Dados da IDC dão conta que, em 2010, os dados vão chegar a 988 exabytes (ou 988 milhões de gigabytes), valor maior do que a capacidade prevista, estimada em 600 exabytes. Segundo Gebauer, esse ritmo de crescimento será o principal motivador para adoção de governança de dados. Outro incentivador será a adoção de ferramentas de governança, risco e compliance (GRC).

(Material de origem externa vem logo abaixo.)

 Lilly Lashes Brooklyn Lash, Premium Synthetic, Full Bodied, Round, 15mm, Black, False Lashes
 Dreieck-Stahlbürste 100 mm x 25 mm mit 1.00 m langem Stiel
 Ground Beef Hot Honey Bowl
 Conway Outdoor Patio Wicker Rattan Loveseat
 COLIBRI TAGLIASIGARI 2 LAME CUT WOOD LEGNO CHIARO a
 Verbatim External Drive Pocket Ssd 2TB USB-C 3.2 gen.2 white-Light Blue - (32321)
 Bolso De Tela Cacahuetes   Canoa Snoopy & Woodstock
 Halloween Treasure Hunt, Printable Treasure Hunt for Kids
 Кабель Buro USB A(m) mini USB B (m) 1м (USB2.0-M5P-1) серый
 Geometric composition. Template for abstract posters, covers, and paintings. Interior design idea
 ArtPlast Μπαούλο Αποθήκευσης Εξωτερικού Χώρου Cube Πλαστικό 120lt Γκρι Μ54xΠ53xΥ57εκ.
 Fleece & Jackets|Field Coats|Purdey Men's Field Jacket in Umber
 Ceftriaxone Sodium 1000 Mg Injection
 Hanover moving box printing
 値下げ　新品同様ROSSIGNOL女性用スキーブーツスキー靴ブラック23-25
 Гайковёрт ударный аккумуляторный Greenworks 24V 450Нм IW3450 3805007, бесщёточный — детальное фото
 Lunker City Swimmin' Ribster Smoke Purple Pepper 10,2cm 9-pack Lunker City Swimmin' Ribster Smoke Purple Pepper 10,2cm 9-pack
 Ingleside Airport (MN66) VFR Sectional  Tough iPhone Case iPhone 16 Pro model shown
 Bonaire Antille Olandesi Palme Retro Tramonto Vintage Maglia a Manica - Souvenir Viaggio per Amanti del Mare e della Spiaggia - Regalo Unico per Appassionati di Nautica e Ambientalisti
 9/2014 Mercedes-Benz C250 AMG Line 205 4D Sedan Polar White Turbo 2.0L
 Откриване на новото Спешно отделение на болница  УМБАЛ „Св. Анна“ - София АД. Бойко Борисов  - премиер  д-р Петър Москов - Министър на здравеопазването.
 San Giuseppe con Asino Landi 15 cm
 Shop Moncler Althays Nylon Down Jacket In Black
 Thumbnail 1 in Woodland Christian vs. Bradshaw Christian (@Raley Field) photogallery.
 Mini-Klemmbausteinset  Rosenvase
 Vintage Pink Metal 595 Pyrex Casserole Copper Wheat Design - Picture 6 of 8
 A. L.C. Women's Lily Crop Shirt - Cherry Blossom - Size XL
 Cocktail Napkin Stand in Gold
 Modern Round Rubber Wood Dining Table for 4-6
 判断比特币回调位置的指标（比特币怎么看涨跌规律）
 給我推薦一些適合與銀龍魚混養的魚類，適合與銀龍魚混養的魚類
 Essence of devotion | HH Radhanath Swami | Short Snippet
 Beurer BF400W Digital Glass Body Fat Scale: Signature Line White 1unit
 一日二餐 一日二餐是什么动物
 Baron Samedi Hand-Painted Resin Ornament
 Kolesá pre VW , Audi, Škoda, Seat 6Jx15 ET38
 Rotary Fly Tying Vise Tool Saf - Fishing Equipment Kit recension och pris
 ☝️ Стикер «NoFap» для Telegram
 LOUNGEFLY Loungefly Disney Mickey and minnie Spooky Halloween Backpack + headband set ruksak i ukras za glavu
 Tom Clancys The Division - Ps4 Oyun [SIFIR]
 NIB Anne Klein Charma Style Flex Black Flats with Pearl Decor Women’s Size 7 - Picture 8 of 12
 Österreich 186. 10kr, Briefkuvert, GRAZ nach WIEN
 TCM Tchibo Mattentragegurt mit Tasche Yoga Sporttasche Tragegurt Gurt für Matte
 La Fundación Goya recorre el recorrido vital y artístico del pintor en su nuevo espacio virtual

“Muitas companhias estão comprando GRC e não entendem os dados de risco. Calculam tudo, mas não podem confiar cegamente nos dados por não poder garantir o que é realidade”, garantiu. Como as regulamentações passam a demandar cada vez mais esse tipo de informação, acrescenta, os investimentos em qualidade de dados são inevitáveis. “Só assim as empresas vão evitar multas”, defende.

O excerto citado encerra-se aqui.